Passados séculos desde a publicação de suas obras, ainda hoje, nos encantamos com seus textos, trágicos ou cômicos, notadamente quando encenados no teatro ou vistos nos telões do cinema.
Relendo Júlio César, não há como não se deleitar com a beleza de uma obra tão maravilhosa que, mesmo já conhecendo o enredo e todos os spoilers, ainda somos tomados pela ansiedade de concluir a leitura.
Shakespeare tem o poder de despertar nossa curiosidade para um texto em que o personagem principal é assassinado logo no início!

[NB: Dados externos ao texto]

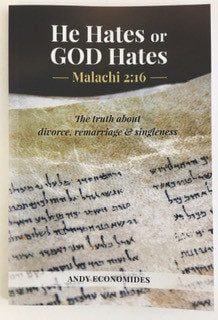 He Hates or God Hates: Malachi 2:16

Em Júlio César, o ditador romano que sofria do “mal da queda”, é vítima de uma conspiração arquitetada por Cássio e que conta com a colaboração de vários aristocratas, em especial, daquele a quem devotava grande estima: Bruto.
“Temei os Idos de março”, alertava um vidente a Júlio César.
No dia previsto para o assassinato, sua esposa Calpúrnia insistiu para que não saísse de casa, pressentindo uma desgraça, mas Júlio César foi habilmente convencido por Décio, uns dos conspiradores, que deveria sair, sob pena de ser ridicularizado por ser supersticioso, além do que, o Senado prometia dar-lhe uma coroa e torna-lo rei.
Das diversas punhaladas desferidas de forma covarde, é Bruto quem dá o golpe final. Surpreso com a identidade de seu algoz, a quem amava como a um filho, Júlio César profere a famosa frase que usamos até os dias de hoje para nos referirmos a um traidor: “Até tu, Bruto?”
Curiosamente, Bruto, o homem que entraria para a História como um dos maiores traidores, na peça shakespeariana, é retratado como um amigo que ama César, mas que teme que seu poder ilimitado possa levar Roma à ruína. É preciso mata-lo antes que se fortaleça mais. E seu drama consiste em se ver obrigado a trair o amigo por algo bem maior: seu patriotismo e sua lealdade à Roma.
Ao discursar para o povo, explicando sua atitude, diz Bruto: “porque César foi meu amigo, eu o choro; porque ele foi venturoso, eu me alegro; porque ele foi valente, eu o respeito; mas porque ele foi ambicioso, eu o matei”.
Depois, Marco Antônio discursa para o povo e o convence de que Júlio César nunca foi tirano ou ambicioso, arrematando com mestria: “Eu venho enterrar César, não louvá-lo. O mal que os homens fazem vive sempre, mas o bem é enterrado com seus ossos. Que assim seja com César”.
E assim são feitos os clássicos: de um material que o tempo jamais é capaz de destruir ou mesmo enfraquecer.